That we did not succeed is easily shown if we ask ourselves who benefited most from the strike. The answer is quite simple: the real victor in April, 1969 was Derek C. Bok, student hero and A student extraordinary.
Bok first impressed the powers-that-be by his cool handling of a miniature crisis at the Law School when the freneticism of the strike spilled over from Arts and Sciences. A group of first-year students held a "study-in" at the Law Library, refusing to leave at closing time to dramatize their demand for changes in the grading system.
In this hour of crisis, Bok, the school's dean, showed up to drink coffee and chat with the rebels. He assured them that he would consider their demands very carefully; they went home. The Law School escaped turmoil, and Bok became known as Harvard's coolest crisis handler.
Here is a key to Bok's style. The situation was not nearly as desperate as later accounts drew it; Bok was facing a group of rebels whose idea of protest was to sit at tables and read books when asked not to. And his responsiveness was largely illusory. After the incident, the Law Faculty passed a compromise plan which had been drawn up before the incident; a plan which instituted reform so mild as to be meaningless. Bok's glad-handing and oily sincerity at the "study-in" made no difference in the resolution of the issues in question. His presence was simply a device to reduce tension and pacify students; his gesture not only lacked substance, but showed contempt for substance.
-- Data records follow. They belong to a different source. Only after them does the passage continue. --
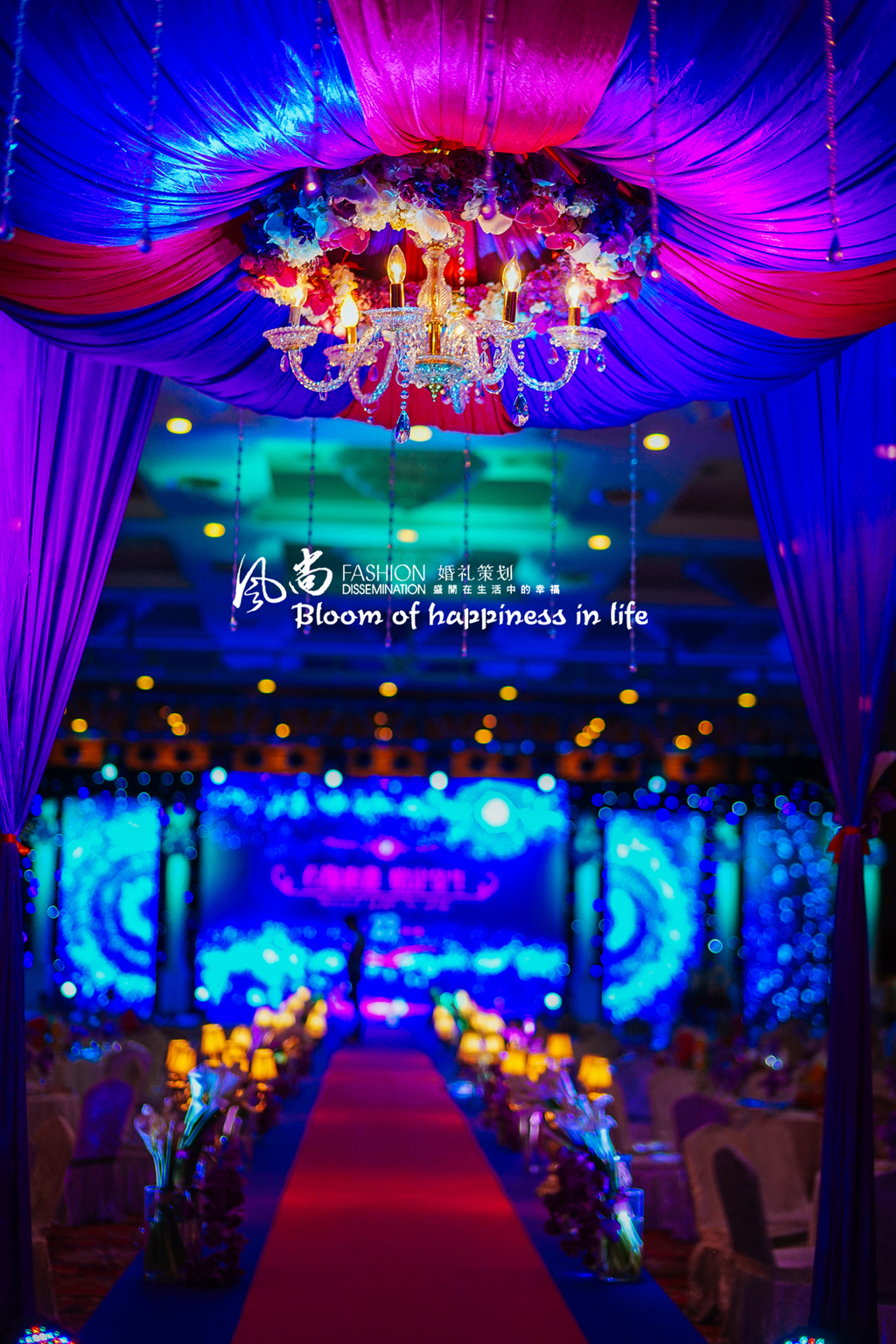 情定金生杭州省人民大会堂花中城宴会厅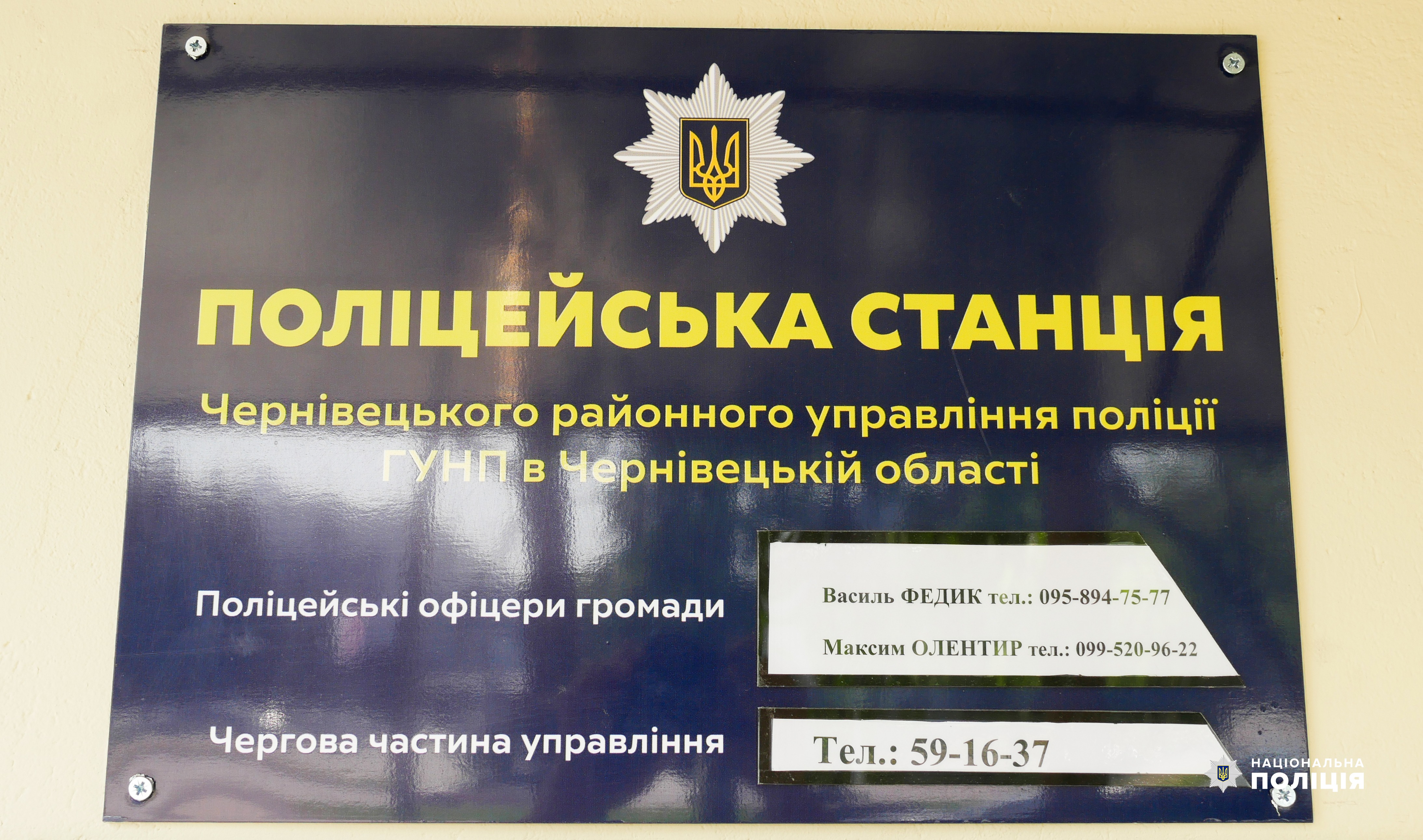 на варті спокою громадян 24/7: у чернівецькій області запрацювала 53-тя поліцейська станція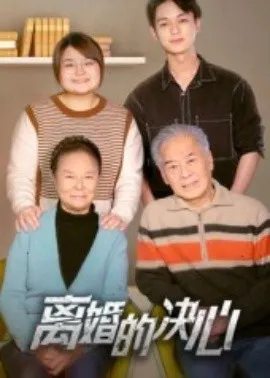 离婚的决心短剧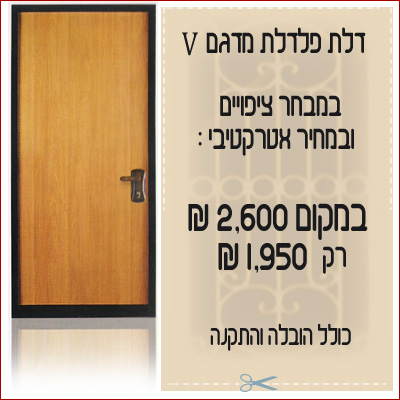 קופון הנחה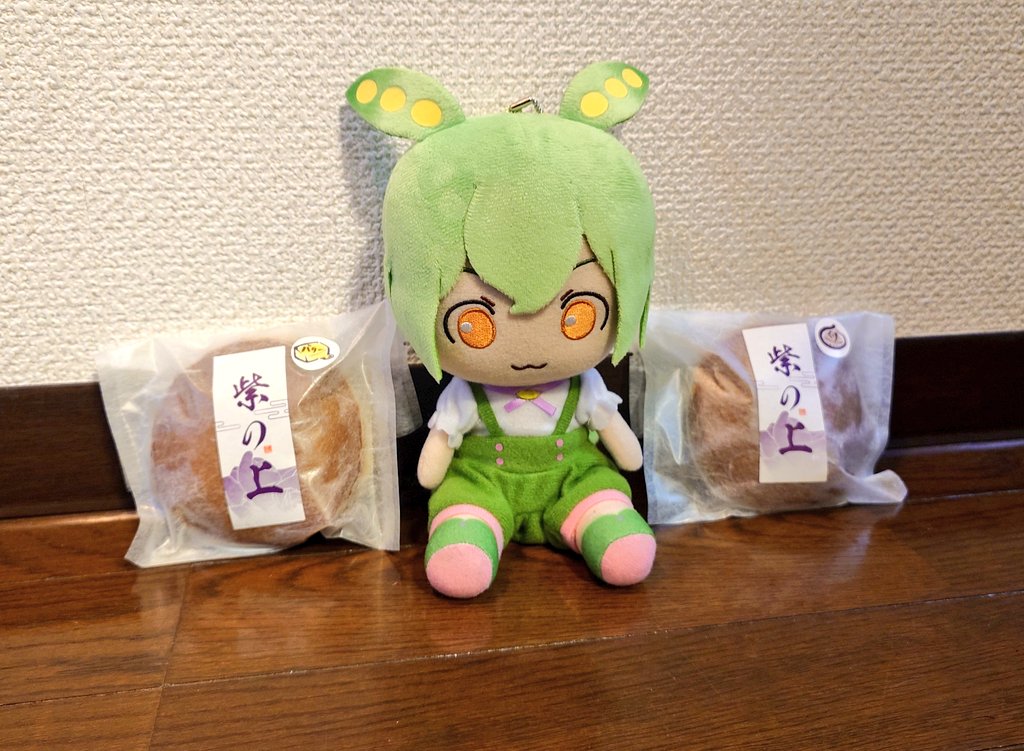 ずんだハウス tweet media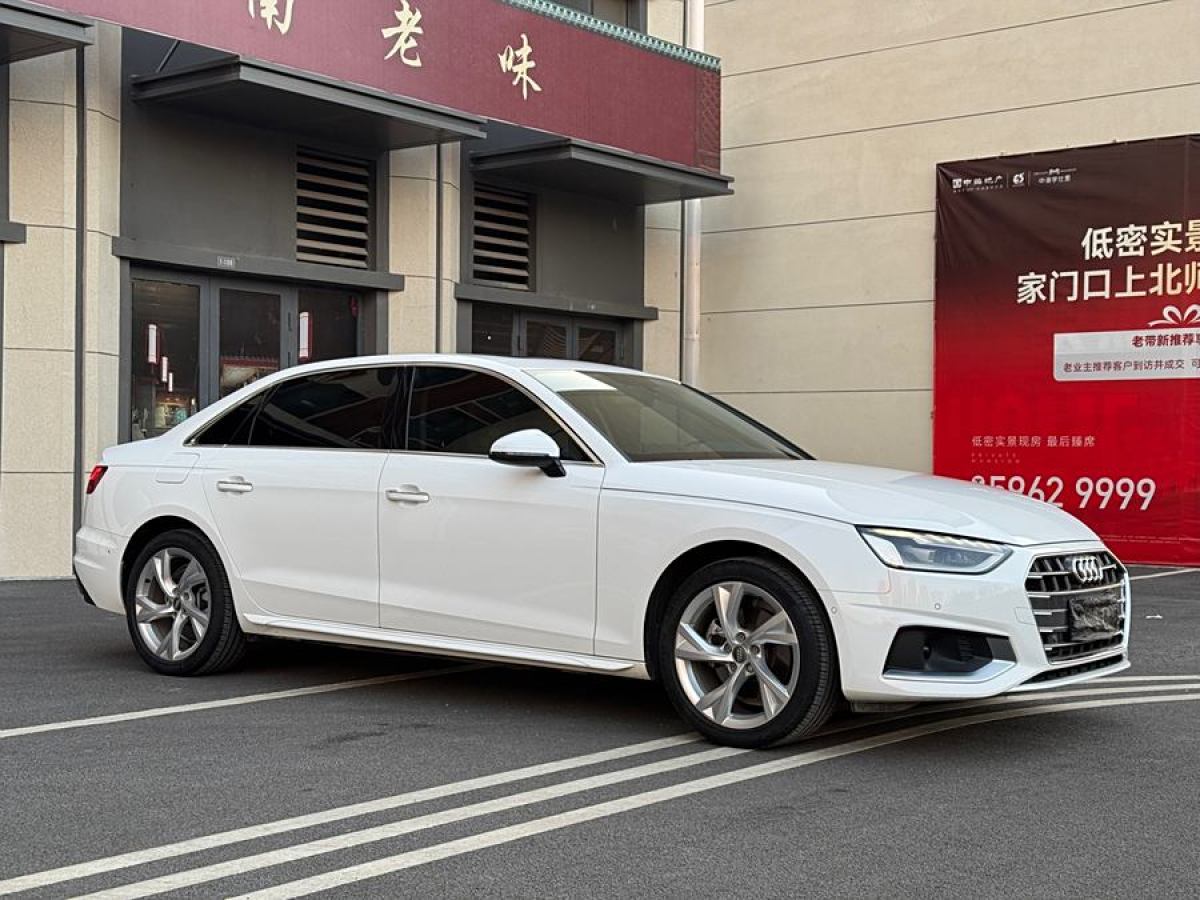 奧迪 奧迪A4L  2022款 40 TFSI 豪華致雅型圖片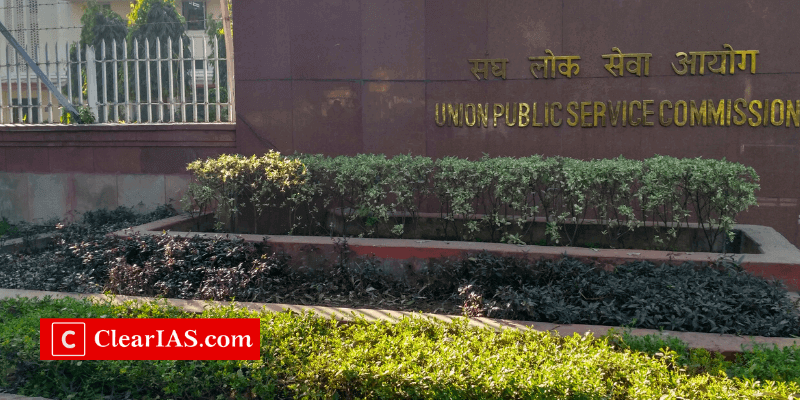 UPSC Civil Services Mains 2019 Written Exam Results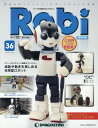 Robi再刊行版全国版 2014年11月18日号【雑誌】【後払いOK】【2500円以上送料無料】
For to Bok, the form is all. His only discernible goal as President is to avoid risk to his institution and minimize conflict which might threaten it by making cosmetic concessions which divide and pacify the constituencies he must manipulate. His change in Harvard's sex-ratio is an excellent example of this tyle of pacification. Bok has no desire to compromise Harvard's honored principle of male supremacy by making admission 1 to 1 or sex-blind. Demonstrations, petitions, letters, lawsuits--nothing will force him to admit that women deserve an equal place in the University. But neither will he make a profitless stand on the principle. Instead, he adjusts Harvard just enough to take the initiative away from those demanding change, makes the minimum effort necessary to blur the issue. Again, it is a politics of contempt, contempt for the policies instituted and for the constituencies at which they are aimed.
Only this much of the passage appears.